Dataset excerpts:
%%

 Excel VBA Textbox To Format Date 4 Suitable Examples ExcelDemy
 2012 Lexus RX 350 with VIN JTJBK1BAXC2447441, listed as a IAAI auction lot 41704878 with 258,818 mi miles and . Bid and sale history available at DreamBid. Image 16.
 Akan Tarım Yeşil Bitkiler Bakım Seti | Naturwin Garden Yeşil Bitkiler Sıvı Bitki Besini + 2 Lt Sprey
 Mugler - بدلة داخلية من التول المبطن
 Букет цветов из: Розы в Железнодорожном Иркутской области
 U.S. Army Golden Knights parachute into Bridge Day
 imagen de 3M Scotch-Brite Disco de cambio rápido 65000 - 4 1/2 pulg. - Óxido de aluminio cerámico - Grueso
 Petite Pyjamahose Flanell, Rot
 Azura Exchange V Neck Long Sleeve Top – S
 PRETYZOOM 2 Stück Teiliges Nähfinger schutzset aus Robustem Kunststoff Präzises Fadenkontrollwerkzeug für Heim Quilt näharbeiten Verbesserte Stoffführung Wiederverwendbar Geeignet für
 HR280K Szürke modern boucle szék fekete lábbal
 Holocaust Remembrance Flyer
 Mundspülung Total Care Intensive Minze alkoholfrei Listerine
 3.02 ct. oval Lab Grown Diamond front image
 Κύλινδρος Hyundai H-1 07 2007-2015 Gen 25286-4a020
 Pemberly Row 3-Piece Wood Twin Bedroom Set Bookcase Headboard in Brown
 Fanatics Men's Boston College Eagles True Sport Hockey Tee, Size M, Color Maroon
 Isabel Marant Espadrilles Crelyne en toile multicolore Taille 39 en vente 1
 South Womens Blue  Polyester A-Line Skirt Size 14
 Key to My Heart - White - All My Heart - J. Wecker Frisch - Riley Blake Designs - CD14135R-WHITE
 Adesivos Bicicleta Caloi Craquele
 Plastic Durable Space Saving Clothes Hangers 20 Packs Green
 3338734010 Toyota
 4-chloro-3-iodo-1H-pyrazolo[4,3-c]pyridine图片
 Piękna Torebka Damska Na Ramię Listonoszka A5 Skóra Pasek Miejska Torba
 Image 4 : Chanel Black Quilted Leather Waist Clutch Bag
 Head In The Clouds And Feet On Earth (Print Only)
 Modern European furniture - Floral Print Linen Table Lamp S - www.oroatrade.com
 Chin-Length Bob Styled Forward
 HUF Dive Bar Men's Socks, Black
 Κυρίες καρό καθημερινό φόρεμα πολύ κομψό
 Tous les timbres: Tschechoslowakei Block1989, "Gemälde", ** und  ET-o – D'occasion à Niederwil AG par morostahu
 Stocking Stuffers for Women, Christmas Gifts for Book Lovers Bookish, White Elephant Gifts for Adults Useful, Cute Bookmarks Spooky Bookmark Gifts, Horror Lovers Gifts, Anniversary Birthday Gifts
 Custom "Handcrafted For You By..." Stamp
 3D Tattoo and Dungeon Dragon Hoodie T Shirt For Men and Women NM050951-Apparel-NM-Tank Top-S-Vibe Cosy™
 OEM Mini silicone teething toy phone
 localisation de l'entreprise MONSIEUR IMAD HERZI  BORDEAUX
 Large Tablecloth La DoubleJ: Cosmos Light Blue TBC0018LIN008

%%

Task instructions:
What lines above hold the word "Blue"? List them all.

Answer box:
 South Womens Blue  Polyester A-Line Skirt Size 14
 Large Tablecloth La DoubleJ: Cosmos Light Blue TBC0018LIN008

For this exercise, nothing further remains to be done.